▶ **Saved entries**

• • •

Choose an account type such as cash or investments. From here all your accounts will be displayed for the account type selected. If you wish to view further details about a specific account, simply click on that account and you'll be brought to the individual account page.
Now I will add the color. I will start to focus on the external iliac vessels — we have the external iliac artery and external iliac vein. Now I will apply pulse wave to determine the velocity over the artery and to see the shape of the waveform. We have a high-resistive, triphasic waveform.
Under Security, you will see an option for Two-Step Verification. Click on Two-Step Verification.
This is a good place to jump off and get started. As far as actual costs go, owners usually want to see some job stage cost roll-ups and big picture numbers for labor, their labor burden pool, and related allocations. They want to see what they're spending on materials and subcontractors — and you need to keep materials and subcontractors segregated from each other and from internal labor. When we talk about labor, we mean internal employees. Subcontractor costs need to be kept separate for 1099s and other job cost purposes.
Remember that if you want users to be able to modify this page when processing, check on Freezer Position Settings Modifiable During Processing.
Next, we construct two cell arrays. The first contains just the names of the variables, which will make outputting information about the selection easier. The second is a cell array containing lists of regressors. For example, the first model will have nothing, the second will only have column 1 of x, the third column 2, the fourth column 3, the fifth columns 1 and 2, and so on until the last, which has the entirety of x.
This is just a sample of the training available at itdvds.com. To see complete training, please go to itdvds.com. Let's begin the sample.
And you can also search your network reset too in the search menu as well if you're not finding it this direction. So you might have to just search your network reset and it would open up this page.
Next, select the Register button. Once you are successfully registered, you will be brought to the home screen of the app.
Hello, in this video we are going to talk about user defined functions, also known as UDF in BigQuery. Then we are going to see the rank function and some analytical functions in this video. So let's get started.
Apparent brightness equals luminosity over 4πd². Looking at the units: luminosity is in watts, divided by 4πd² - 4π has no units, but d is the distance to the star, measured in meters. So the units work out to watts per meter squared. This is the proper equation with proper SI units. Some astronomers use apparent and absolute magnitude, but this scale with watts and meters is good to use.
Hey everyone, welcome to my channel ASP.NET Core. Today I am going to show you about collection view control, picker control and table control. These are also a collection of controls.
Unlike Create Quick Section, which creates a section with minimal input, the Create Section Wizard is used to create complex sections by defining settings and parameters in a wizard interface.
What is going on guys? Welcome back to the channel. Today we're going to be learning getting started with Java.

• • •

Only the lines above starting with the one with "Now I will add" and going through the one with "Remember that if" are to be copied, word for word and with both ends kept.

Now I will add the color. I will start to focus on the external iliac vessels — we have the external iliac artery and external iliac vein. Now I will apply pulse wave to determine the velocity over the artery and to see the shape of the waveform. We have a high-resistive, triphasic waveform.
Under Security, you will see an option for Two-Step Verification. Click on Two-Step Verification.
This is a good place to jump off and get started. As far as actual costs go, owners usually want to see some job stage cost roll-ups and big picture numbers for labor, their labor burden pool, and related allocations. They want to see what they're spending on materials and subcontractors — and you need to keep materials and subcontractors segregated from each other and from internal labor. When we talk about labor, we mean internal employees. Subcontractor costs need to be kept separate for 1099s and other job cost purposes.
Remember that if you want users to be able to modify this page when processing, check on Freezer Position Settings Modifiable During Processing.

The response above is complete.